The internal transcribed spacer (ITS) is another marker for metabarcoding, which is located between the 16S and 23S RNA genes in prokaryotes and is used as a target marker for intragenomic variations. ITS1 and ITS2 are the two types of ITS markers in eukaryotes. While ITS1 is principally situated between 18S and 5.8S-rRNA, ITS2 resides between the 5.8S-rRNA and 26S regions, or between 18S and 28S for opisthokonts. Recently, up to 32 microalgal strains from culture to different taxa and concomitant screening for their ice nucleation active (INA) compounds was achieved by using these markers. ITS has been the most potent marker for the characterization of fungi, including soil and endophytic genera.

ITS can be pooled with additional markers for attaining a better resolution. In a recent barcoding study of freshwater green microalgae, ITS1 and ITS2 of the nuclear rRNA gene (nuITS1 and nuITS2) were combined with the ribulose bisphosphate carboxylase large (rbcl) subunit gene, which established dominant resolution in the screening of the microalgae. The identification of the cyanobacterium Arthrospira and green microalga Dunaliella has also been guided by Rbcl. In another study, 36 strains of green microalgae were identified by 18S rRNA sequencing and were clustered into their respective genera, which guided further analysis of relevant protein and lipid profiles. Similar to 16S, full-length 18S sequence retrieval has been shown to offer a comprehensive characterization of community members.

Taken together, an overview of community structure, composition, diversity, and taxonomic positions of different groups within and between diverse ecosystems are unraveled by metabarcoding. The identification and characterization of bacterial and microalgal communities can be streamlined by metabarcoding so that promising “bioproducts” can be targeted in a preliminary snapshot.

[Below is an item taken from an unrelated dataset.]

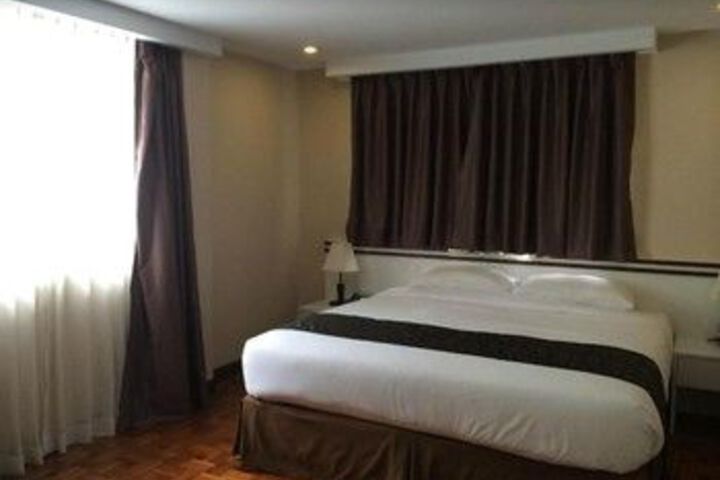 Room 8 of 26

Even though metabarcoding is a swift and emergently inexpensive method, it has a considerably limited resolution and can barely distinguish closely-related species or strains. The polymerase chain reaction (PCR) short length sequencing associated with guanine-cytosine (GC) content bias sequencing errors, and the assignment of OTUs, poses significant challenges when employing metabarcoding. Metabarcoding is relatively restricted to at most the genus level, though it provides improved OTU picking. Thus far, metabarcoding cannot establish the molecular function of each microbe in an ecosystem. The structures and functions of several genes in a community remain untapped since metabarcoding targets only one portion of the metagenome that leaves some genes untapped. Bacterial and microalgal communities are typically complex; therefore, it is necessary to employ methods having extensive coverage in order to yield a holistic account of the communities towards bioprospecting and drug discovery.

Metagenomics

Metagenomics encompasses decoding information interlocked into the DNA of the entire microbial community in a target. Whole metagenome sequencing provides a more thorough discernment into community diversity and function than does metabarcoding. Notable progress in microbial community characterization is the generation of genome and protein databases. High-throughput sequencing of metagenomes is acquiescent to downstream analysis, the entire community structure analysis, comparative differences among ecosystems, precise descriptions of strains of interest as well as novel genes. Moreover, interactions among microbes in their natural environment or a laboratory setting, as well as the analysis of genes involved in several biochemical pathways, can be accomplished by this approach. Numerous studies have unraveled the molecular adaptation of the microorganisms to their environment (natural or artificial), using metagenomic screening, through cluster analysis and dereplicating their metabolic links.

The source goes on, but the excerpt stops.